Tuesday 28 May 2013

Pope and the Revolution in Haywood’s Stile

Lætitia Pilkington, celebrated Anglo-Irish poet, satirist and memoirist, makes a passing reference to Haywood while discussing, periphrastically, accusations made about herself by an unnamed “Lady of Quality.”

I am really ashamed to use her Ladyship's Words on the Occasion, being much too indecent for a Repetition, methinks she might have spared them, especially to one who knew her too! […]
   As she was pleased to say, my Life could be nothing but a continued Series of—I am ashamed to speak the Word—I dare say had it been so, she would have purchased my Book sooner than the Bible, to indulge her private Meditations, especially if I had the wicked Art of painting up Vice in attractive Colours, as too many of our Female Writers have done, to the Destruction of Thousands, amongst whom Mrs. Manly and Mrs. Haywood deserve the foremost Rank.
   But what extraordinary Passions these Ladies may have experienced, I know not; far be such Knowledge from a modest Woman: Indeed Mrs. Haywood seems to have dropped her former luscious Stile, and, for Variety, presents us with the insipid: Her Female Spectators are a Collection of trite Stories, delivered to us in stale and worn-out Phrases: bless'd Revolution!

  Yet, of the two, less dang'rous is th' Offence,
  To tire the Patience, than mislead the Sense.[*]


 [*A paraphrase of Alexander Pope, An Essay on Criticism (1709), ll.3–4.]

* * * * *
Since Pope was regularly given the credit—by early literary critics—for reforming Haywood through his attacks on her, it is good to see a Pilkington invoke Pope, in this 1748 discussion of the “bless'd Revolution” in Haywood’s writing (from “luscious” to “insipid” and “trite”), without giving any credit to Pope for the said “bless'd Revolution.” It is hard to imagine that Pilkington would not give Pope some credit here, if there had been any reason for doing so.

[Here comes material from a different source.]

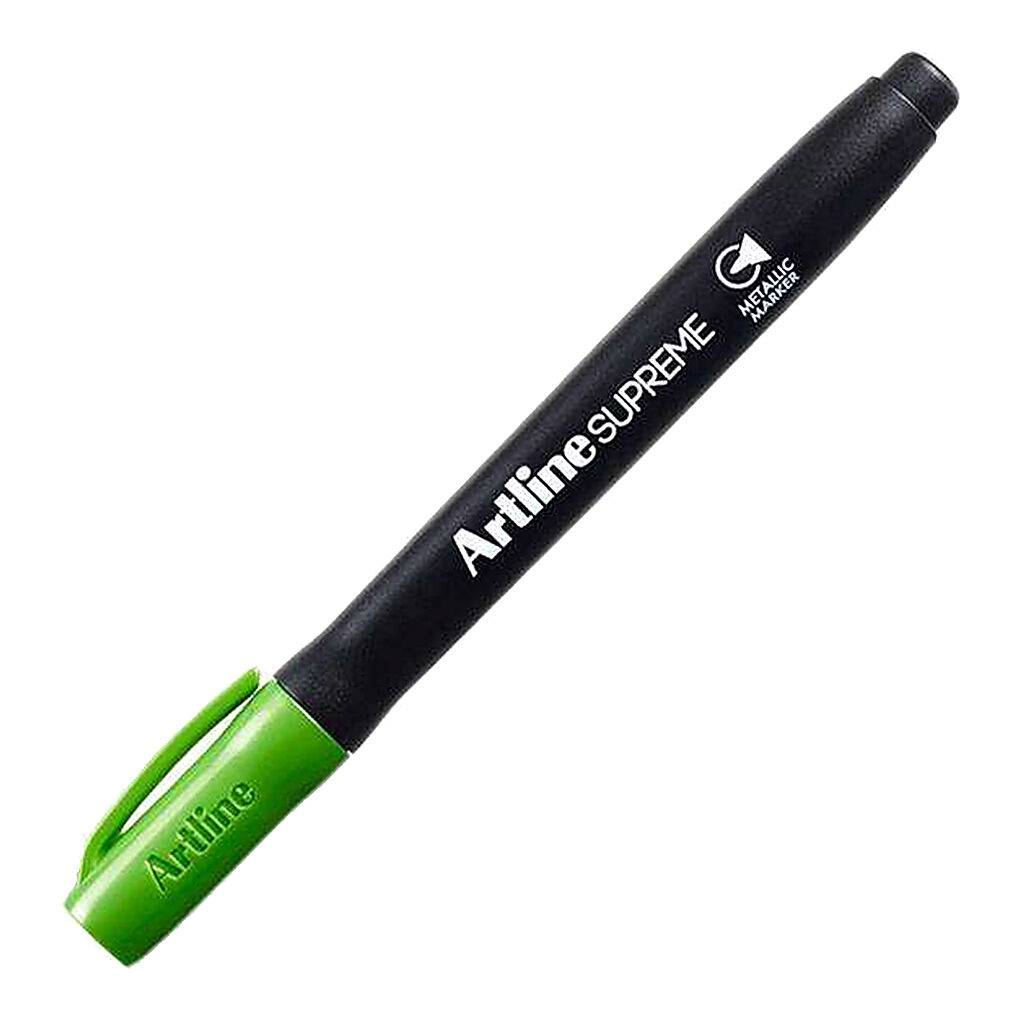 Artline Supreme Metalik Markör Uç 1,0 Mm Metalik Yeşil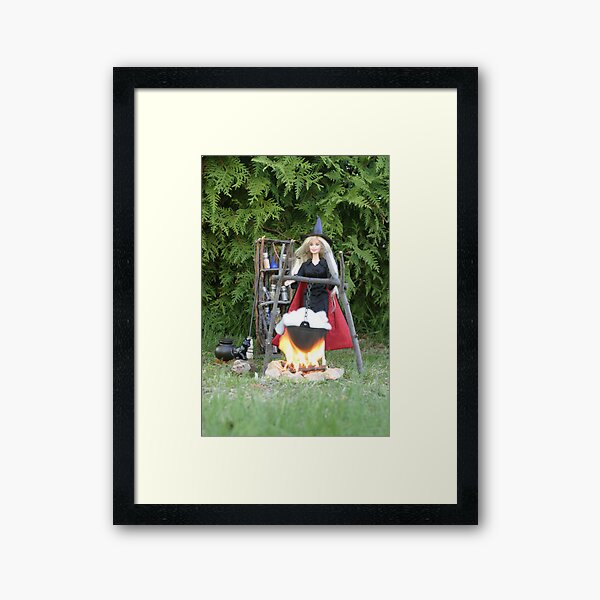 Bad Bambi Series, #14 "Home Entertaining" Framed Art Print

I found this text while checking out the ECCO-TCP: the Eighteenth Century Collections Online Text Creation Partnership comprising 2,387 works in English published during the eighteenth century. Like so many of the new digital resources newly developed or open to scholars, it contains a great deal I have seen before, with a few gems—like this one—I had somehow missed in ECCO, Google Books, Haywood criticism and general reading etc etc.

NB: Pilkington describes herself above as a “modest Woman”; Jonathan Swift described her as “the most profligate whore in either Kingdom”; what the unnamed “Lady of Quality” said concerning Pilkington’s life is omitted. The dash implies something stronger than “a continued Series of” affairs, adventures or escapades, but the context and syntax doesn’t leave many indecent, single-word alternatives: fucks? whorings? orgies?